→ How to complete this task: Copy out nothing but the line containing "2010 dodge ram" and the lines that follow it to the end of the entries, exactly as they stand.

Short web captions
※ ※ ※

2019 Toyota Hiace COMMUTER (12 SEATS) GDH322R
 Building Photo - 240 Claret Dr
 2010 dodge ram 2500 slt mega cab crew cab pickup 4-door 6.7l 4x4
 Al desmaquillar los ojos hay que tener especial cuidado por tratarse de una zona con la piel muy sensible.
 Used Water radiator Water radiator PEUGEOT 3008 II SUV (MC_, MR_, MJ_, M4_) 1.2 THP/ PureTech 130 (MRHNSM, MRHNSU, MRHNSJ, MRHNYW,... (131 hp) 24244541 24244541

※ ※ ※

→ Exercise output:
 2010 dodge ram 2500 slt mega cab crew cab pickup 4-door 6.7l 4x4
 Al desmaquillar los ojos hay que tener especial cuidado por tratarse de una zona con la piel muy sensible.
 Used Water radiator Water radiator PEUGEOT 3008 II SUV (MC_, MR_, MJ_, M4_) 1.2 THP/ PureTech 130 (MRHNSM, MRHNSU, MRHNSJ, MRHNYW,... (131 hp) 24244541 24244541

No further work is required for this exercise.